Upon the advice of fellow self-published authors, I decided to cut myself a break and not freak out (as I have a tendency to do) but, at the same time, not writing at all wasn’t an option for me either. I needed to find a way to ease myself back into finding the fun in creative writing.  I concluded a visit to my writing roots was in order.

While I’m not good at it, poetry is one form of writing I’ve always enjoyed. A Sunday or two ago, I found a poetry form called a Sevenling in Writer’s Digest and slipped into the life of a unicorn being chased by a hunter. While it’s not a very good poem, I had finished under an hour. I’d played with words and lost myself in another world. There are many poetry prompts on the web, but I like Robert Lee Brewer’s Poetic Asides from Writer’s Digest.
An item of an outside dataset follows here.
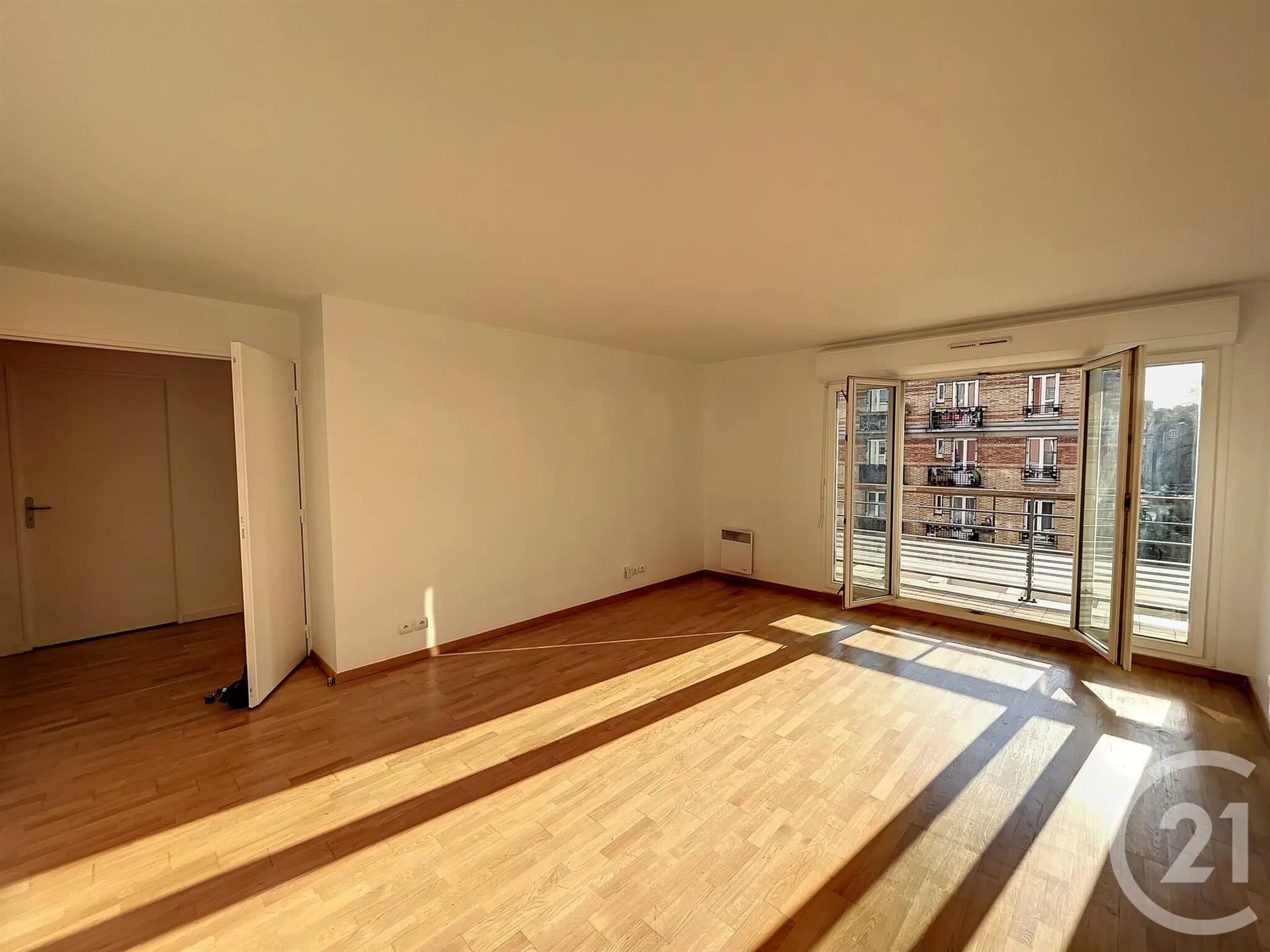 Appartement à louer, 67m², Suresnes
My friend and poet, JoAnn J.A. Jordan, has daily prompts and photos on her blog which are fun to draw inspiration from as well.

I began my writing journey creating short stories, and moved into flash-fiction because you can complete an entire story in a short period of time. It’s actually hard to write a good flash-fiction story, and I just happened onto a couple of wonderful blog posts about how to write effective flash-fiction and short-stories around the same time I began drawing a story together. It must have been fate. The first is a three-part series called “How to Write a Sci-Fi Flash Fiction Story” by Lydia Netzer. Although it’s geared toward Sci-Fi, the information relates to any flash-fiction story you might want to write. Another article I found helpful, which I actually read long ago, is “Tripping the short fantastical: some tips for writing short fantasy and supernatural stories” by Sophie Masson on Writer Unboxed.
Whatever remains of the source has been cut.